Although outwardly I was calm and methodical as I concentrated on the things that had to be done, a fire was raging in my brain as childhood memories of Daddy burned through it. I crunched my belongings into one little suitcase. My husband took me to the airport and said a loving prayer before I hurried off to the gate. As I boarded the plane, other passengers were already seated.
I began to pray under my breath as the plane taxied down the runway heading for my hometown. It was ironic that my first trip back to my birthplace—to the hospital where I was born—was because my father had returned to that very same place to die.

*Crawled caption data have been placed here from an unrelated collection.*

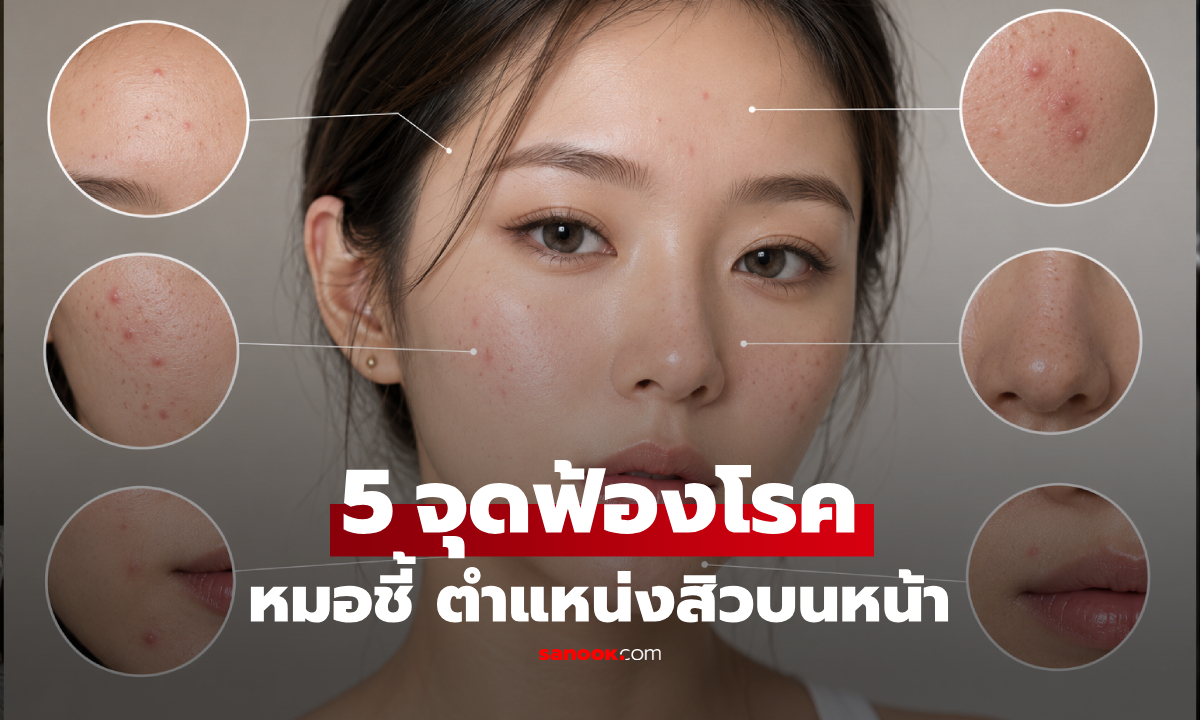 หมอเปิด 5 ตำแหน่ง "สิว" บนใบหน้า ฟ้องปัญหาสุขภาพ ในหัวใจ-ตับ-ปอด และมดลูก?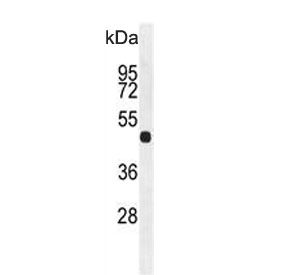 Western blot testing of mouse heart lysate with Fibroleukin antibody. Predicted molecular weight: 50-70 kDa depending on level of glycosylation.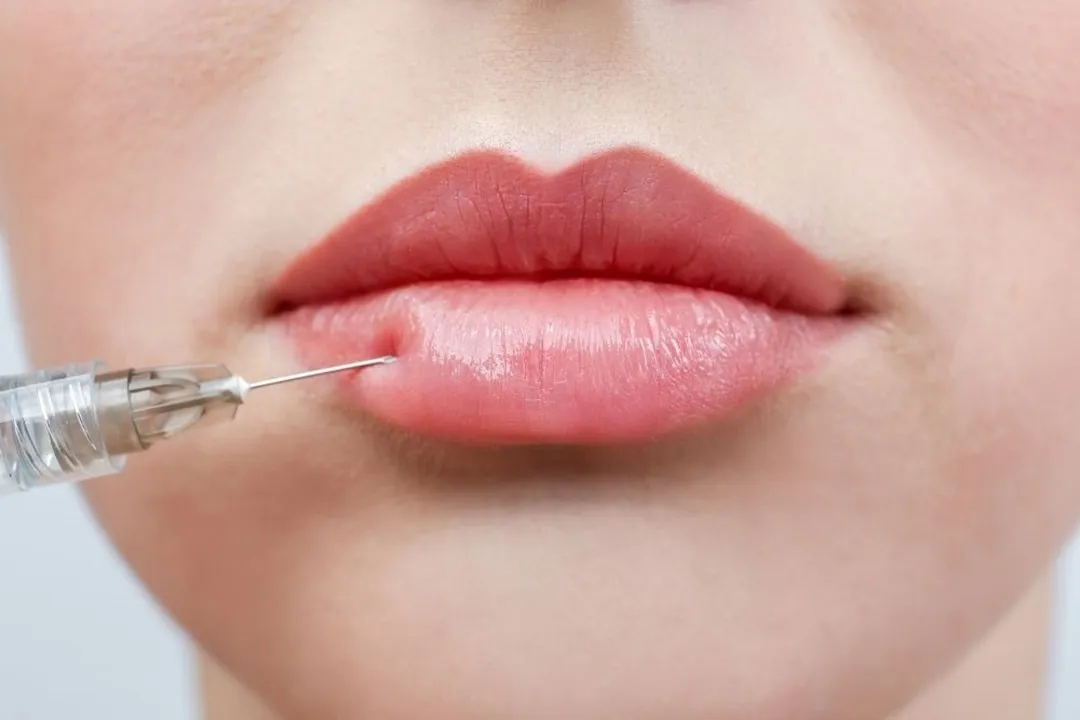 زریق ژل یا فیلر یکی از متداولترین تکنیکهای حجمدهی لبها است.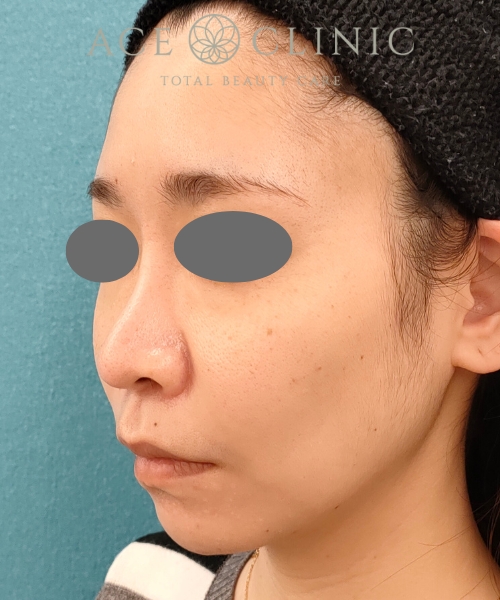 ザーフ|症例4|30代女性|術後|エースクリニック名古屋院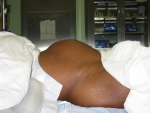 before-surgery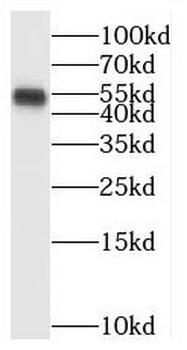 BTBD1 Rabbit Polyclonal Antibody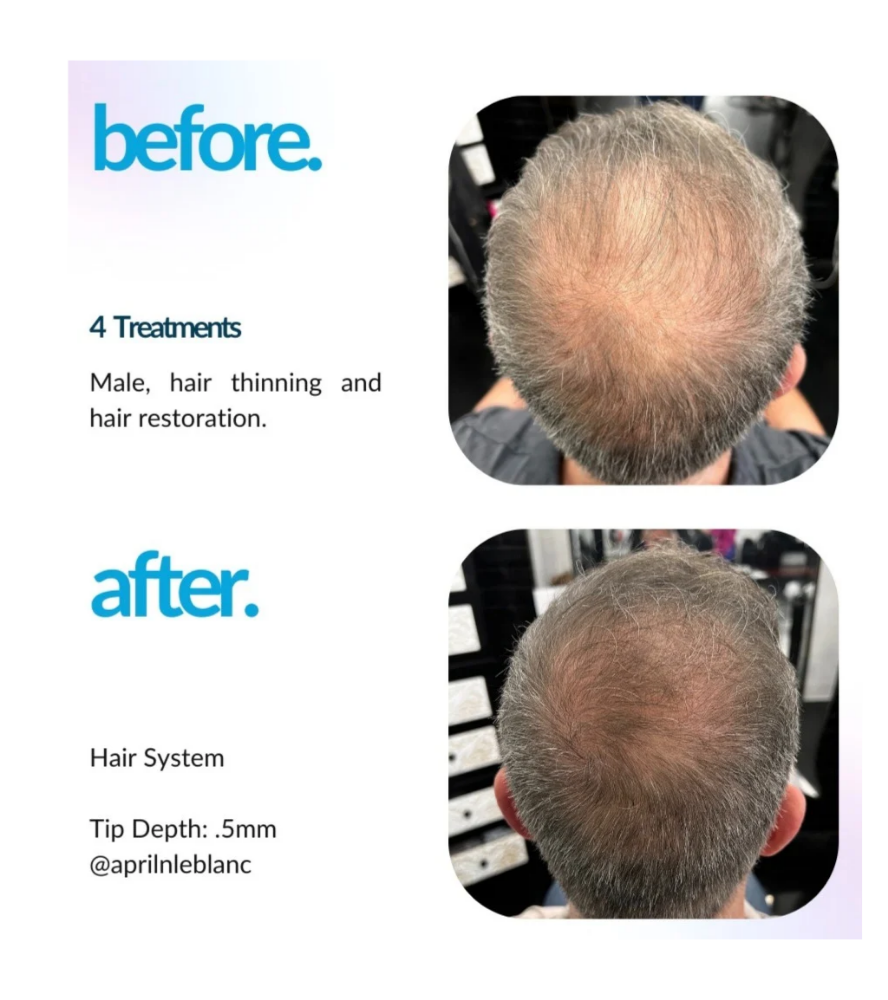 Envy Hair Regrow BOGO 5/1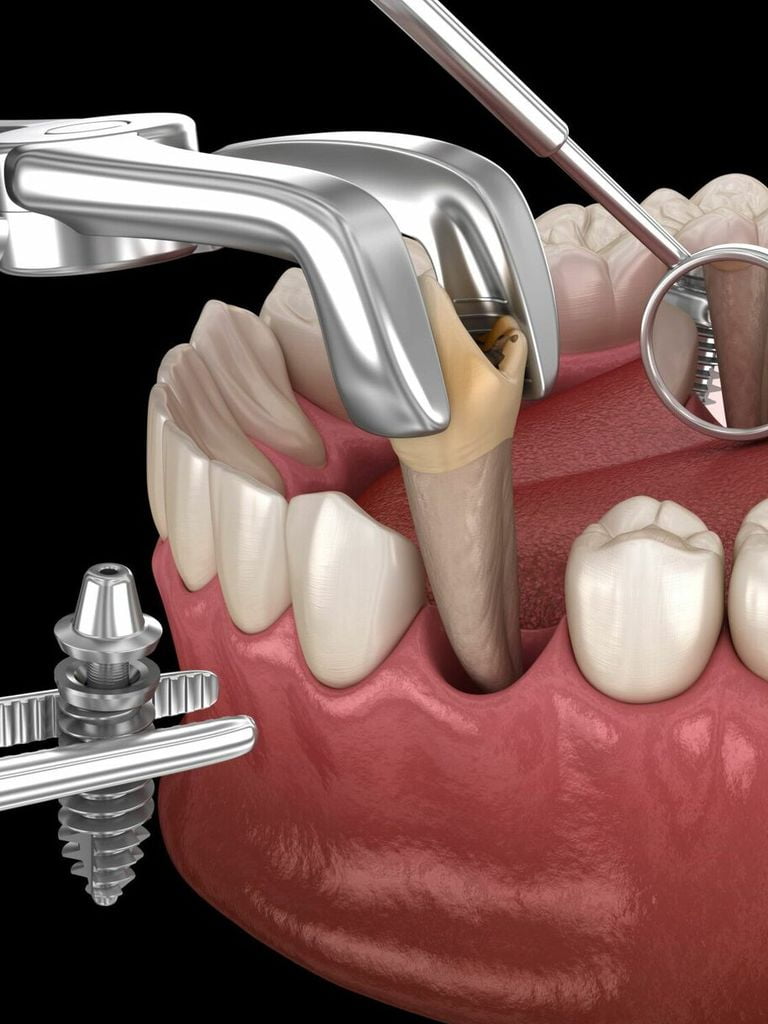 Имплантация 1 зуба Implantium (Корея) (имплант + коронка)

The plane arrived a few hours later and I went directly to the hospital. From the hallway I could see my mother sitting at the side of my father’s bed, her head drooped in a fitful, upright sleep. My heart broke
at the sight—both from Daddy’s condition and seeing them together again after all these years. She probably sat up all night and was exhausted.
“Mama?” I threw my bag to the floor and ran to her; we dissolved in tears for a moment before I managed to ask, “Any change?”
“No. No change.” I turned to face the hospital bed, my heart leaped into my throat. Who was this man? This was not my father—not my handsome daddy with the stunning smile! This was not the sophisticated military man in uniform that I remembered. This was a stranger, an old man—all skin and bones with sunken eyes—and where was the full head of silver streaked hair? A silent scream rose from deep in my belly. Who are you? Where’s my daddy?
But I knew the answer. The daddy I remembered was the daddy of an eleven-year-old girl, because that was the last time I had actually seen him. My memory of Daddy was frozen in time from nearly thirty years before!
As a child, I explained it away. Because he was in the Air Force Daddy was gone a lot, but I was sure that one day he would come home to stay. As I grew older, I called it something different—abandonment. Why he did it didn’t matter to me as a little girl. I didn’t care about how discrimination or some other social injustice made it hard for black men to keep their families intact. I didn’t ever care whether my mother wanted him there or not. I wanted my daddy at home, so I grieved the loss of that relationship for a very long time.
The turning point in how I felt about Daddy came after living without him for several years. My sister and I were going with our church to the nearby town where he lived. Somebody told us that Daddy lived right next door to the church, and they would let him know we were coming. I was terribly excited as I imagined our meeting. I’ll run to Daddy and give him a big hug! Then I’ll tell him about school and how smart I am and maybe invite him to come hear me lead a song with the choir. He’ll be so glad to see us! He’ll explain why he has been gone for so long and tell us how things will be different from now on. Maybe he will even come home with us!